# TASK ITEM
In this exercise, write out the data word for word and leave every image out.

# Extracted records
- Opening Delimiter -

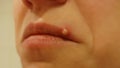 The sad mouth of a woman. A huge purulent pimple on the lip. A sickly look. Lips, mouth, a sad smile. An ugly sight.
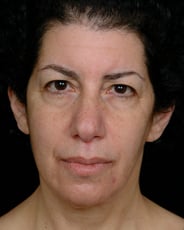 Facelift Surgery | Manhattan | New York City (NYC)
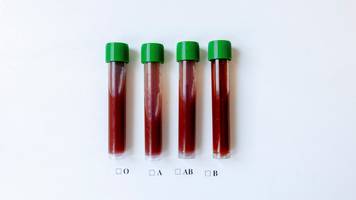 Ob Covid, Malaria oder Herz-Kreislauf-Erkrankungen: Je nach Blutgruppe verändert sich das persönliche Krankheitsrisiko, zeigen Studien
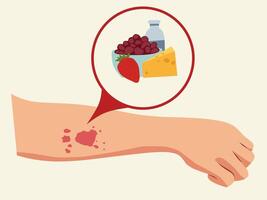 Illustration of an allergic reaction on a human arm caused by food. Red rash and irritation indicate sensitivity to certain ingredients like dairy, fruits, and nuts vector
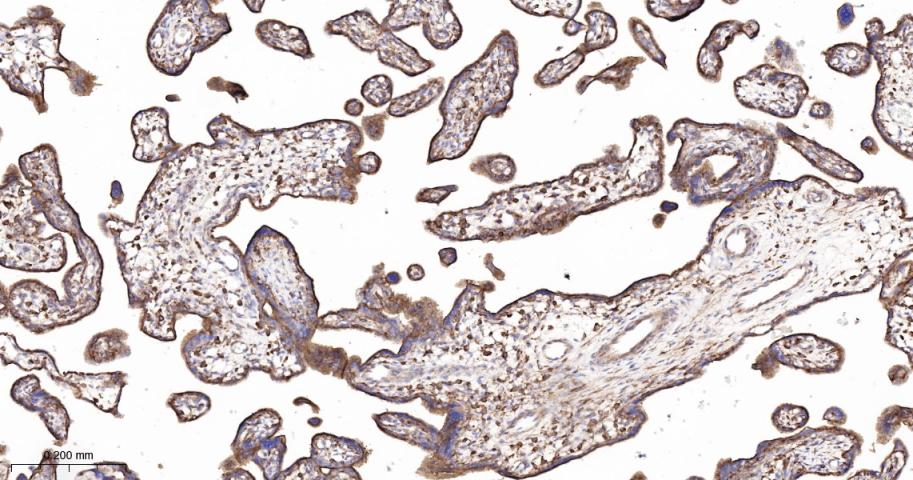 血管内皮生长因子受体1重组兔单抗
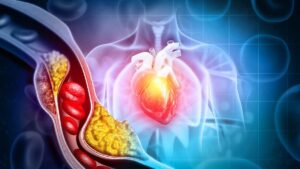 Ngeri! Mikroplastik Ternyata Ada di Sekitar Kita, Bahkan Sudah Masuk ke Tubuh!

- Closing Delimiter -

# OUTPUT FOR THIS TASK
 The sad mouth of a woman. A huge purulent pimple on the lip. A sickly look. Lips, mouth, a sad smile. An ugly sight.
 Facelift Surgery | Manhattan | New York City (NYC)
 Ob Covid, Malaria oder Herz-Kreislauf-Erkrankungen: Je nach Blutgruppe verändert sich das persönliche Krankheitsrisiko, zeigen Studien
 Illustration of an allergic reaction on a human arm caused by food. Red rash and irritation indicate sensitivity to certain ingredients like dairy, fruits, and nuts vector
 血管内皮生长因子受体1重组兔单抗
 Ngeri! Mikroplastik Ternyata Ada di Sekitar Kita, Bahkan Sudah Masuk ke Tubuh!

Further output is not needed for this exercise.